**Source information:**
****

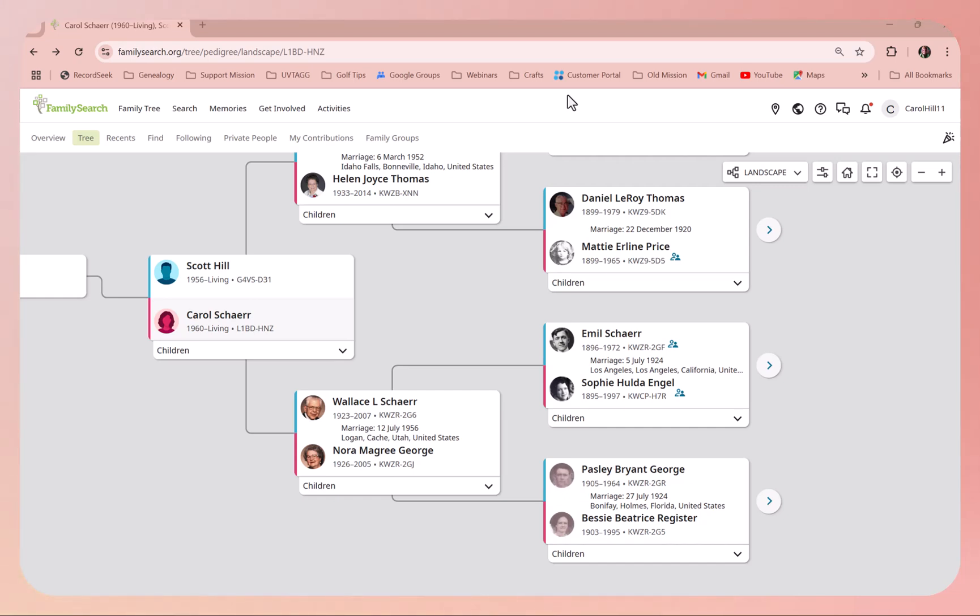Hi everyone, this is Carol Hill. This is just a short video about how to edit a name on FamilySearch.org.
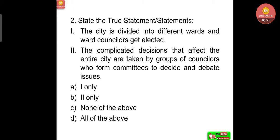Next question: state the true statement(s). First, the city is divided into different wards and ward councillors get elected. Second, the complicated decisions that affect the entire city are taken by groups of councillors who form committees to decide and debate issues. Option A: one only. Option B: two only. Option C: none of the above. Option D: all of the above. Answer: all of the above. Both statements are true.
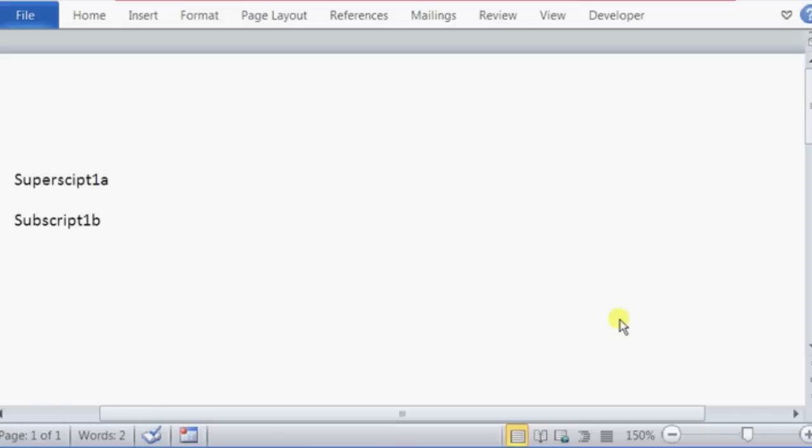If we open up Microsoft Word here, let's have a couple of test cases. So superscript 1a.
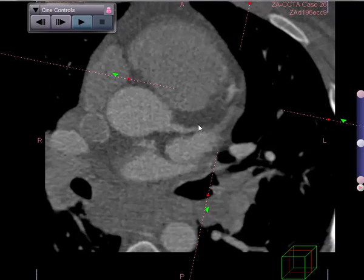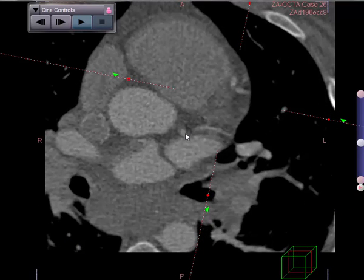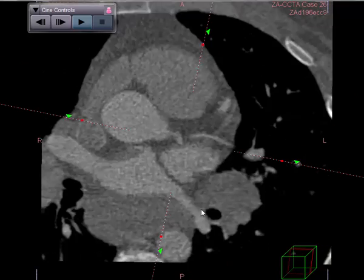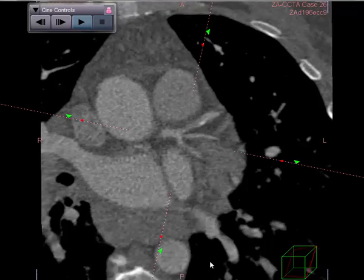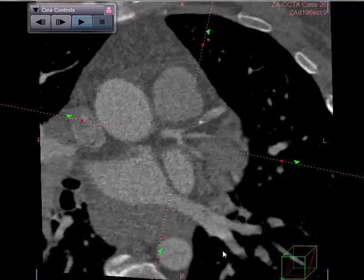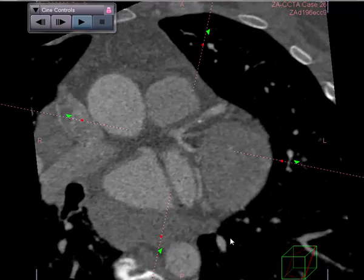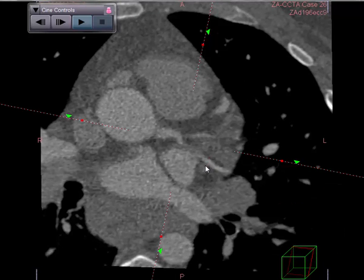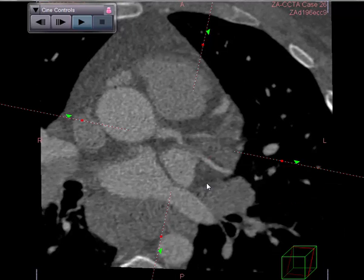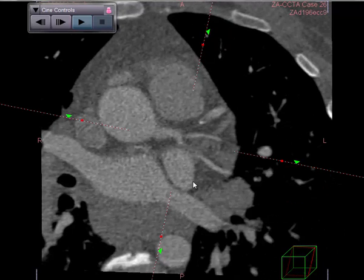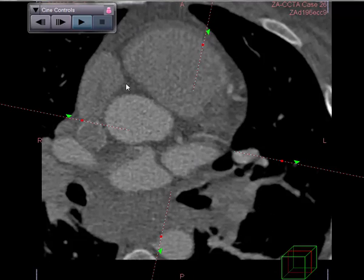Let's take a look at the circumflex vessel. It comes off about here. We can proceed down to look at this very small vessel — a normal OM branch here. The rest of the vessel appears to be frankly normal.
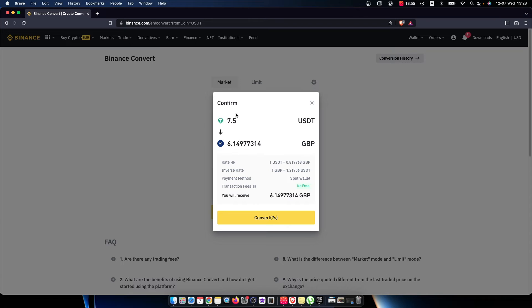Right, and as you can see here from 7.5 USDT you will be getting 6 pounds.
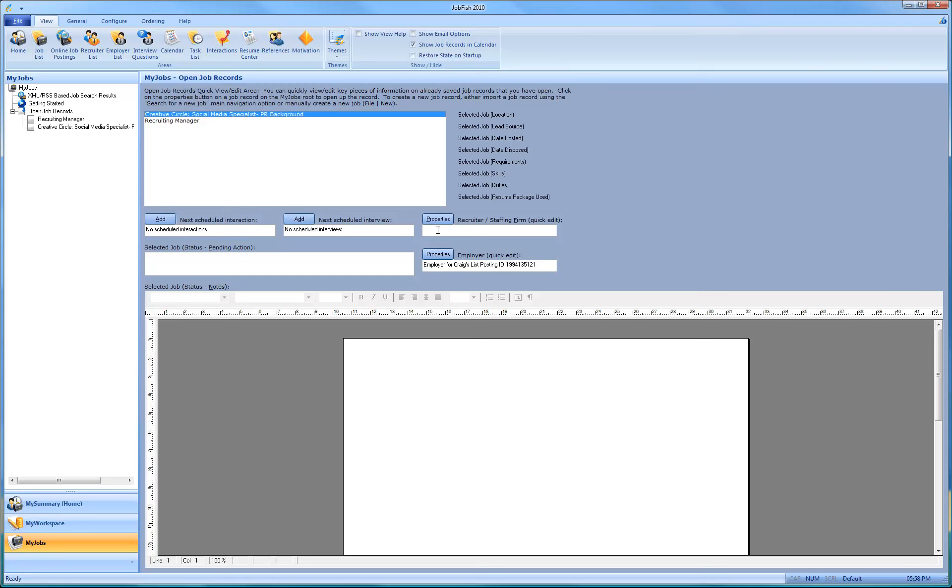If you wanted to add in a Recruiting Manager over here, then you can just easily type it in. Craigslist imports assuming that it's an employer. Most other boards like CareerBuilder or Monster assume that it's a recruiter.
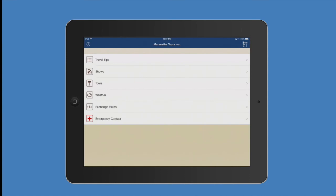Thank you for choosing Maranatha Tours and I hope you enjoy the new Maranatha Tours app here in the States and of course don't forget it when you're traveling.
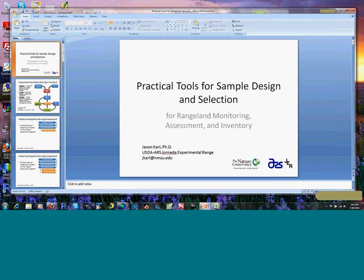All right, so we'll go ahead and get started now. I'd like to thank everybody for coming out. We've got a nice little group here, talking today about practical tools for sample design for baseline monitoring and assessment.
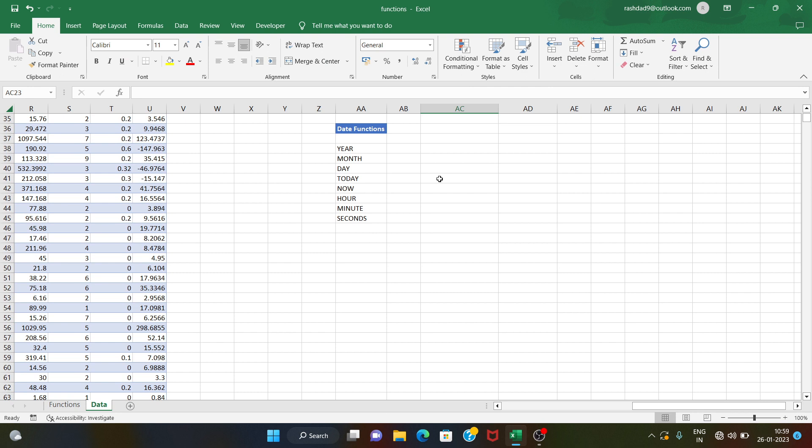Welcome to the Python Life YouTube channel. Today we will create date functions and text functions.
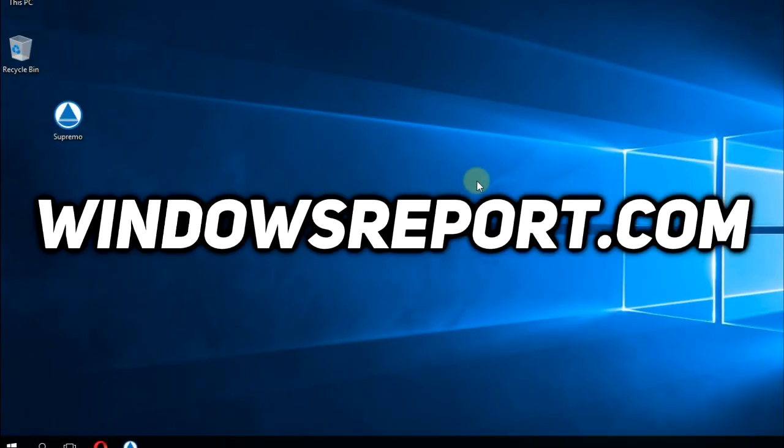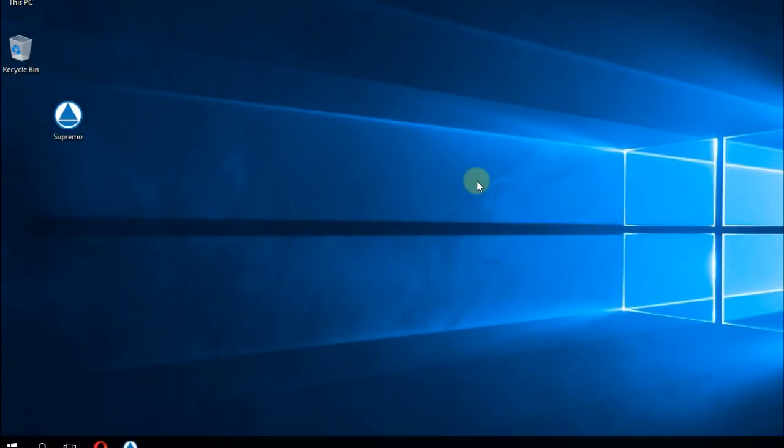Hello guys and welcome to WindowsReport.com. In this video I'm going to show you how to remove Supremo.exe. This is a portable software so the installation of it is very simple.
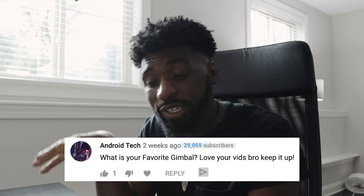Before we get out of here, I want to read a couple of questions and comments from our previous video. The first comment comes from Android Tech, and they ask: what is your favorite gimbal? Love your vids, bro — keep it up. Appreciate it, man. My favorite gimbal has to be the Ronin M. It's unbeaten — it's the gimbal I've been using for years at this point. I just enjoy it. I like the form factor, and the stability it provides for footage is unmatched compared to all the other single-handed gimbals in my personal opinion.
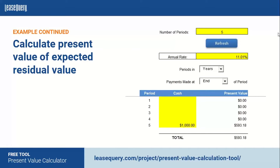The second component is the present value of the expected or unguaranteed residual value. This is one value at the end of the lease term — the amount the lessor expects the asset to be worth at the end of the lease. We still have five periods and the 11.01% rate. However, we select that this payment is made at the end of the period because this is the value at the very end of the lease, unlike the lease payments that happened at the beginning of each period. Plugging in the expected residual value of $1,000, the present value of that amount comes to $593.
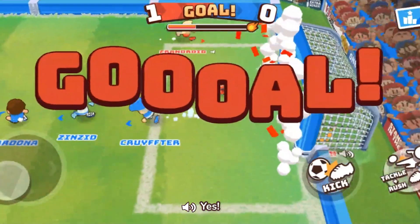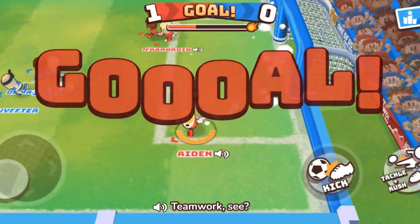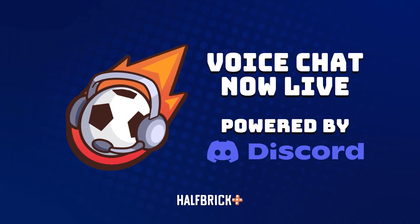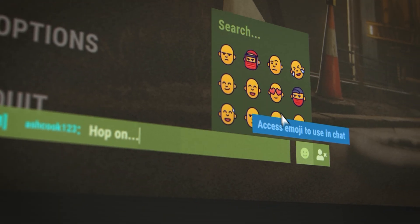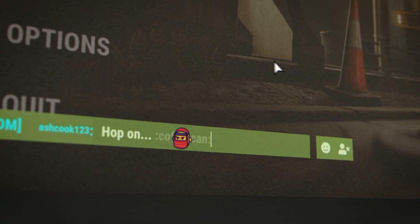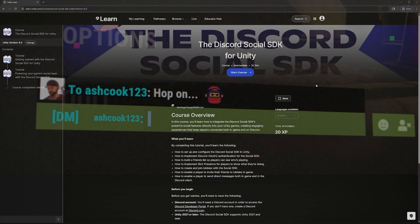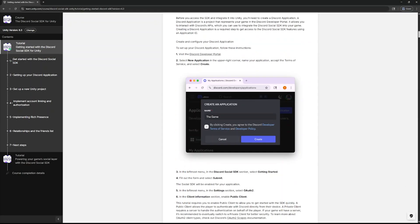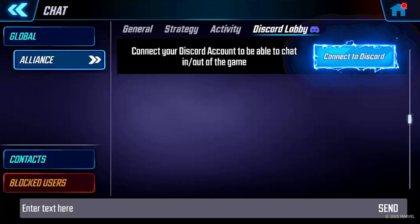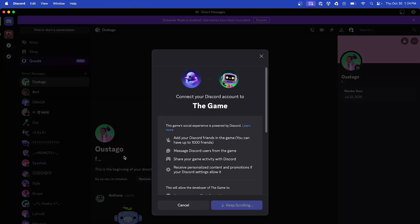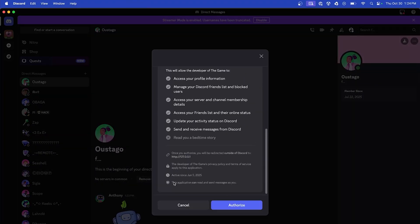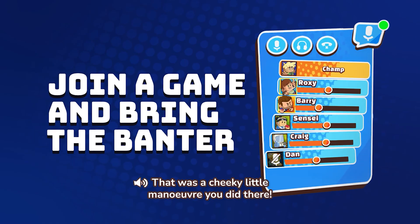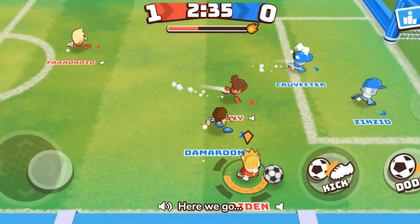Are you ready to turn your Unity game into an unforgettable social experience? With Discord Social SDK, you'll be able to seamlessly integrate the power of Discord into your game. In our latest course, Getting Started with the Discord Social SDK for Unity, you'll discover how simple it is to add Discord account linking, account authentication, and powerful social features like game lobbies to help connect your players together.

****

**What you need to do:** Starting at the line above that holds "Next question: state", return each line up to and including the one that holds "If we open up", exactly as written, minus any pictures.

**Written answer:**
Next question: state the true statement(s). First, the city is divided into different wards and ward councillors get elected. Second, the complicated decisions that affect the entire city are taken by groups of councillors who form committees to decide and debate issues. Option A: one only. Option B: two only. Option C: none of the above. Option D: all of the above. Answer: all of the above. Both statements are true.
If we open up Microsoft Word here, let's have a couple of test cases. So superscript 1a.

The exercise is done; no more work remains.